Figure 3.CpG suppression upstream and downstream of exons. The number of nucleotides and dinucleotides up to 1000-bp upstream and up to 1000-bp downstream of exons one through five was determined. The expected number of dinucleotides was calculated from the base composition in each 100-bp interval. Plots show the observed to expected ratio for CpG, GpC and SpS (S = G or C) dinucleotides both upstream and downstream of the indicated exons for ATSR genes.
Figure 4.Sense–antisense exon1–exon overlap is preferentially observed in CpG islands which extend into the first intron. CpG islands analysis. In the set of 18 008 non-redundant RefSeq genes, we determined the presence of CpG islands in genomic sequences using method defined in (29). Alu repeats were excluded by filtering the sequences with RepeatMasker. We identified 10 991 genes (61.0%) characterized by the presence of a CpG island which includes the entire first exon (CpG islands that extend into the first intron). In this set of 10 991 genes, the fraction of ATSR genes (69.3%) and of ATSR genes with sense exon1–antisense exon overlap (76.4%) was determined.
Figure 5.Antisense transcription and bidirectional gene pairs. (A) Fraction of head-to-head and antisense Aceview gene models. (B) Distribution of distances between the 5′end of Aceview gene models and the 5′end of the RefSeq transcripts. Only Aceview gene models whose 5′end is located within 5 kb of the RefSeq transcription start are shown (4270).

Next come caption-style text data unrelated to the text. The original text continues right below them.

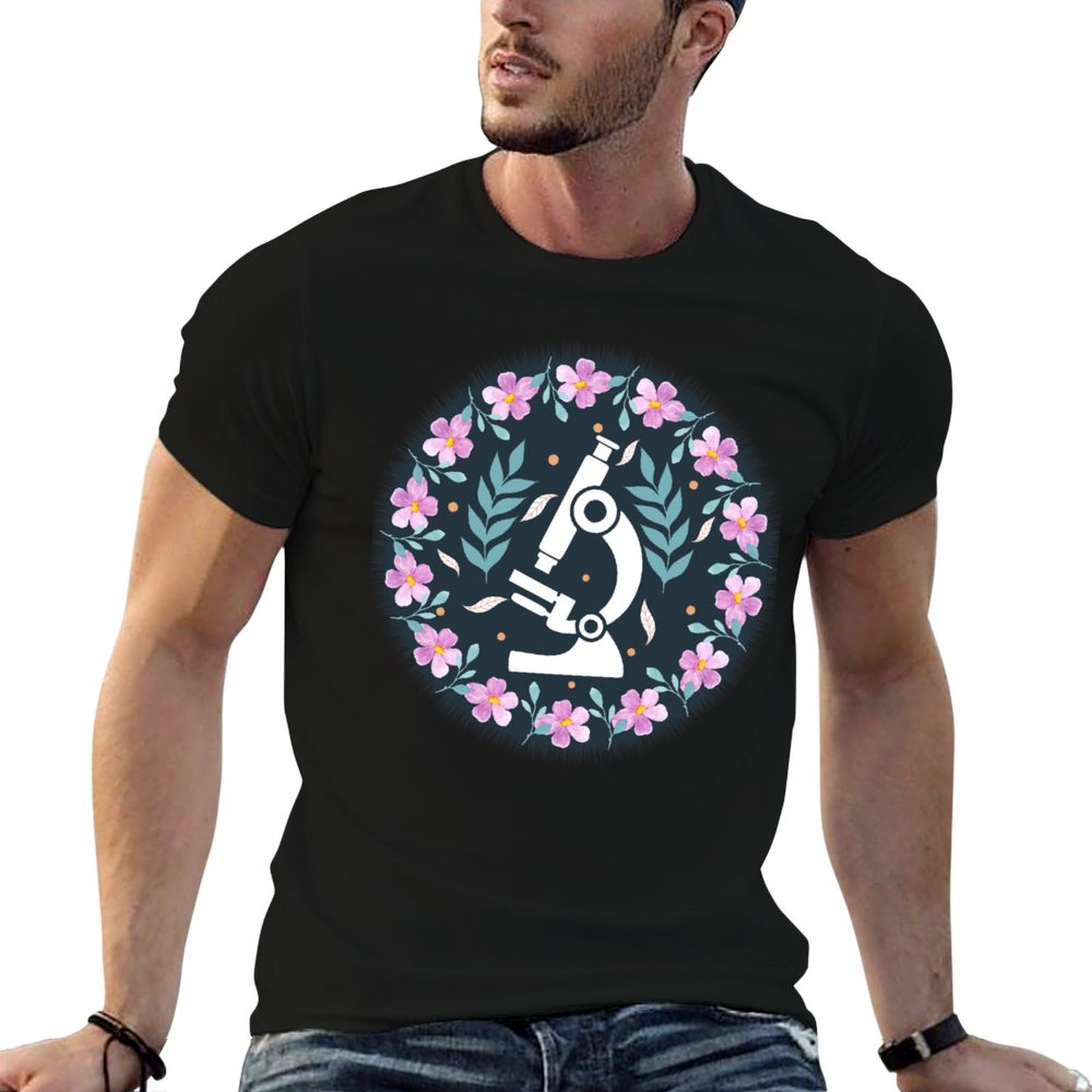 Camiseta Colorful Folk Microsc - Medical Lab Microscope avaliação e preço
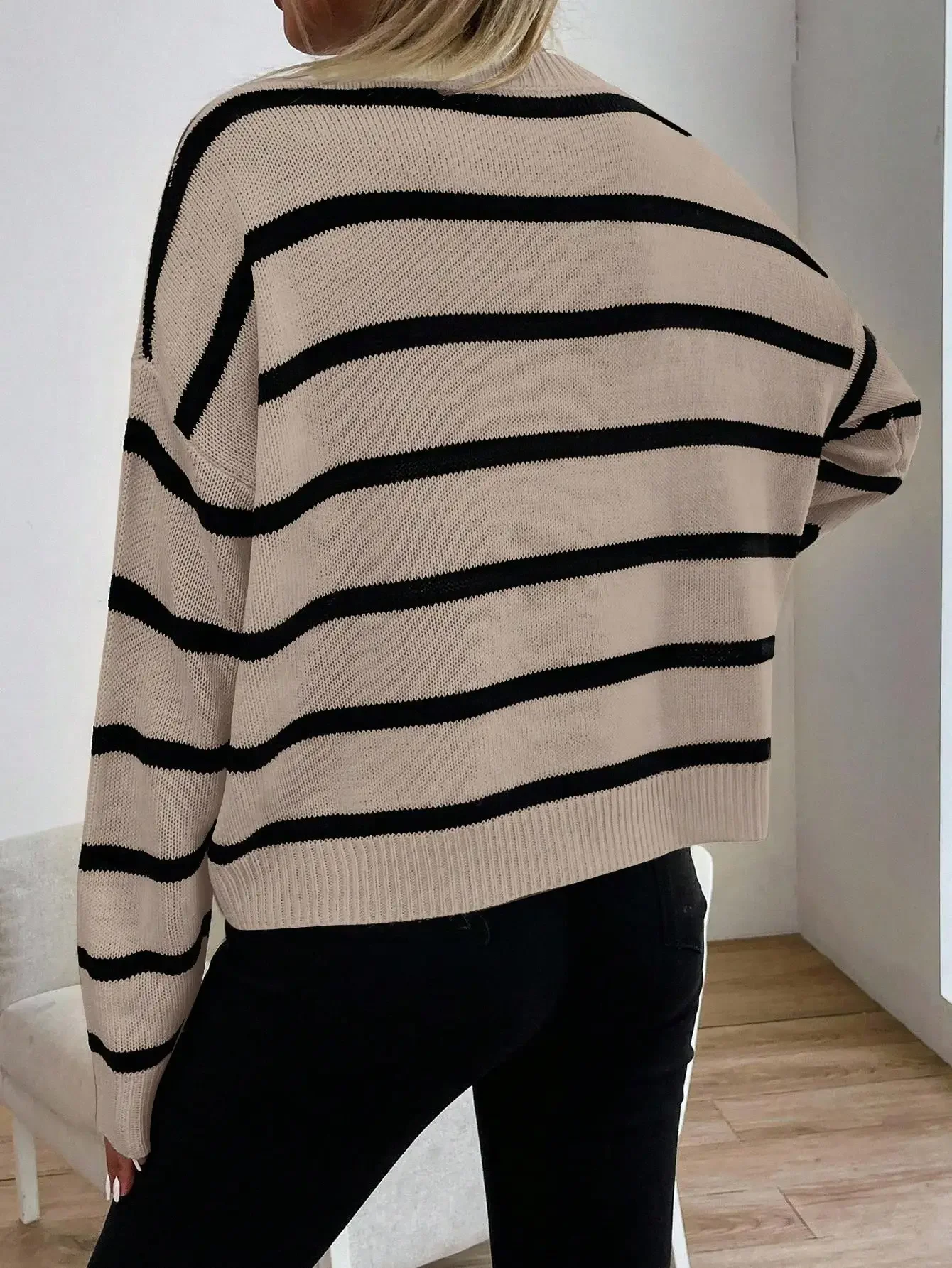 Classic Crewneck Striped Knitwear Neutral Chic Quiet Luxury Aesthetic Long Sleeve Soft Jumper Top Khaki Beige Black Horizontal Lines Ribbed Hem Dropped Shoulders Relaxed Daily Fit For Autumn Casual Outings Valentine Present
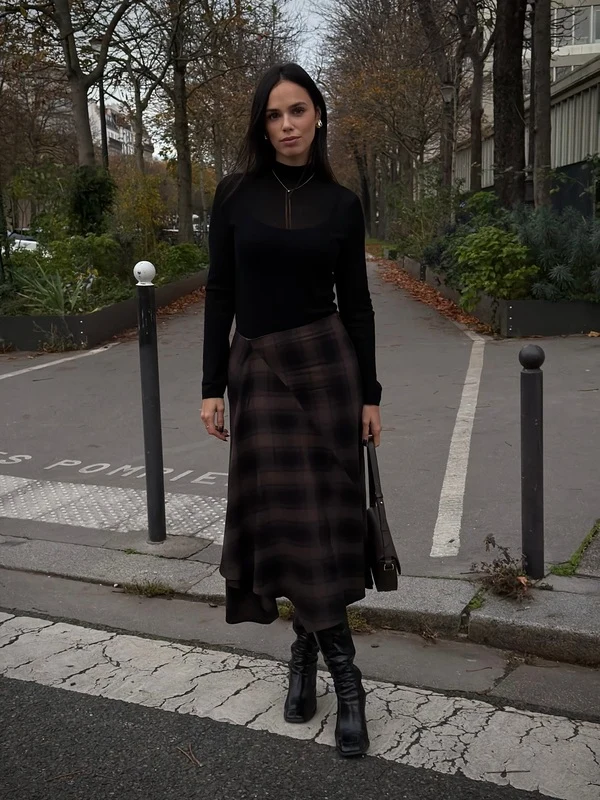 Plaid Skirt Black Top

Figure 6.Analysis of 5′UTR and exon1 lengths. (A) 5′UTR lengths were determined according to UCSC genome browser annotations. Box plots show the distribution of 5′UTR lengths in non-ATSR genes, ATSR genes, ATSR genes with exon–exon overlap and in genes reported as CpG island methylated in human cancer. (B) Box plots show the distribution of exon1 lengths as annotated by the UCSC genome browser for non-ATSR genes, ATSR genes, ATSR genes with exon–exon overlap and for genes reported as CpG island methylated in human cancer.